Four years later I was blown away by The Matrix Reloaded [Wikipedia, IMDb]. First of all I guess I was physically pushed back in my cinema seat like some kind of jet take-off. Second, the story was obviously deep enough for you to quickly realize you'd have to enjoy it several times to fully grasp it.
In the true spirit of Neo, I went home and downloaded a copy. The Korean subtitles just added to the overall hacker look and feel of it. I watched the thing over and over again. I read thousands of posts on Internet discussion forums. And I ended up doing a rather long email correspondence with a certified Christian, who'd loved the first movie but was critical of the sequel. The reason the Christians rejected Reloaded was part of the reason I really loved it. Why?
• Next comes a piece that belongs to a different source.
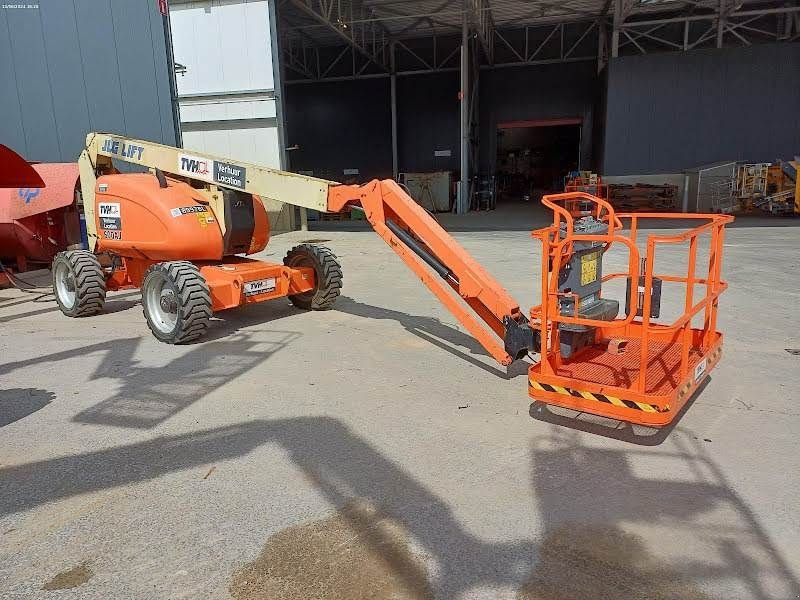 Teleskoparbeitsbühne del tipo JLG 600AJ, Gebrauchtmaschine en Waregem (Imagen 4)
For the obvious reason that it's basically about Jesus fighting God. My Christian buddy had a bit of difficulty accepting that twist to the story. I still have the email around in which he ends up saying that it's perfectly fine to edit the Bible because some of it may have been inspired by "wrong sources". I guess that's logical. Some of these evangelical dudes could have been talking to Satan not God. But doesn't that leave the people interpreting the thing word for word with a bit of a problem?
I watched the scene with Neo talking to The Architect over and over again. I'd wake in the morning and have an inner voice going on...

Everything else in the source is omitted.